Friday, November 26, 2004

Sweetwater Festive Ale

While I was perusing the Beverage Resort in Kennesaw after Thanksgiving dinner shopping at the Publix next door, I spotted a familiar name with an unfamilar brew, Sweetwater Festive Ale. I had never caught it before, mostly because they only brew one batch (55 bbl) per year and I hadn't learned of its existence until working at Sweetwater this past summer. It seems that only select restaurants get the opportunity to tap a keg of the stuff due to the limited production.

About the beer...

Nice and dark, slightly amber hued with a head slightly darker than Coke poured from a glass bottle. The aroma is a little smoky with definite evidence of the typical Sweetwater hops concoction. Medium bodied and dry, somewhere near a porter but not quite as smooth textured as the porters I prefer. It's got a spiciness to it from cinnamon and mace, as read from the bottle label, but friends that have tried former versions say it's toned down a little from previous years. Bitterness from the hops lingers a little, definitely more than their pale ales like the Sweetwater 420. Flavor is slightly sweet from a caramel malt with a dark roastiness (chocolate malt?). Leaves a lingering barley flavor on the palate, quite pleasant but I also like to eat barley. If I had a bar, I'd offer bowls of barley much like old bars served pretzels. I'd guess that the alcohol content is around 7-8% from a totally non-scientific analysis.

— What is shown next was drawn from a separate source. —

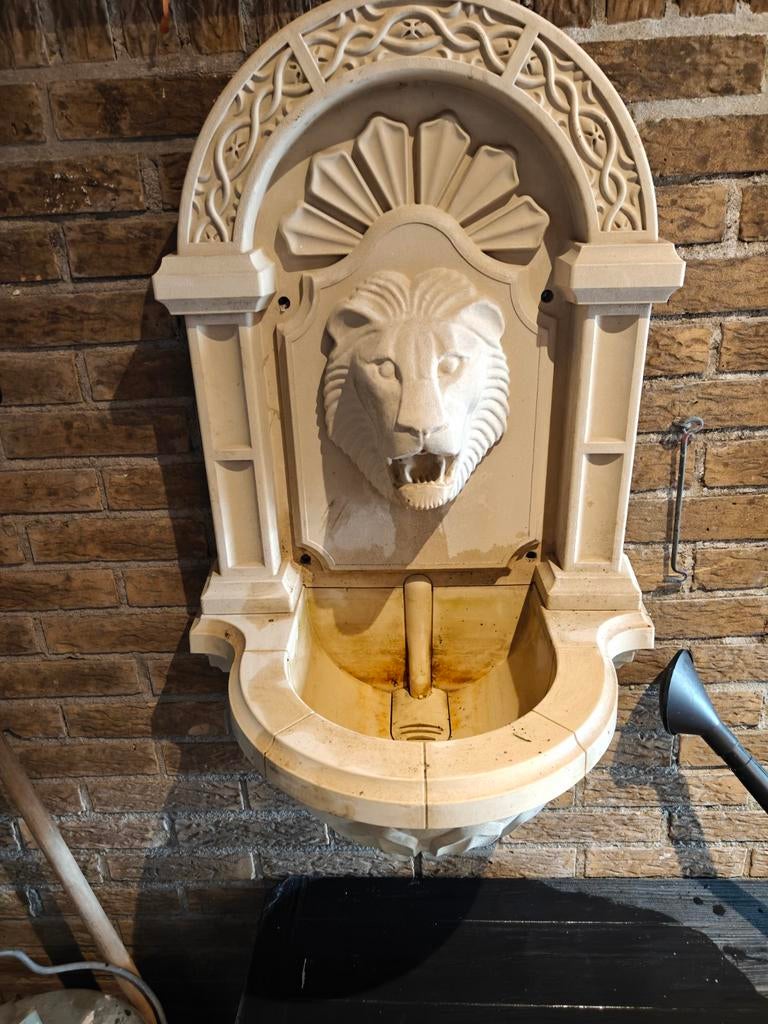 Spuit fontein leeuwenkop, Ophalen, Gebruikt, Kunststof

I like the beer but I feel like the Sweetwater brand needs to be a little more bold with their product line. There was talk this summer of ending the ESB, formerly known as the Sweetwater Ale, which is probably my second favorite of their beers, just behind Sweet Georgia Brown. Their 420 is good, a beer that supposedly pulls in about 60-70% of their business. I think the 420 is a great, everyday beer, especially for cheap beer drinkers that are trying to wean themselves away from shitty beer. But it seems like they're a little scared to take a risk and put out a truly cutting-edge beer. Perhaps the southeast market is too fickle for such a venture or perhaps sales of the 420 are good enough. I didn't do much, but I helped make their batch of Imperial Stout this past summer, a beer to celebrate Georgia changing their content laws but I never found a place that carried it thanks to the fact that they limited distrbution to kegs. I felt like it was a move in the right direction, but perhaps at least a limited bottled distribution would have been called for, especially in a special 750-mL edition.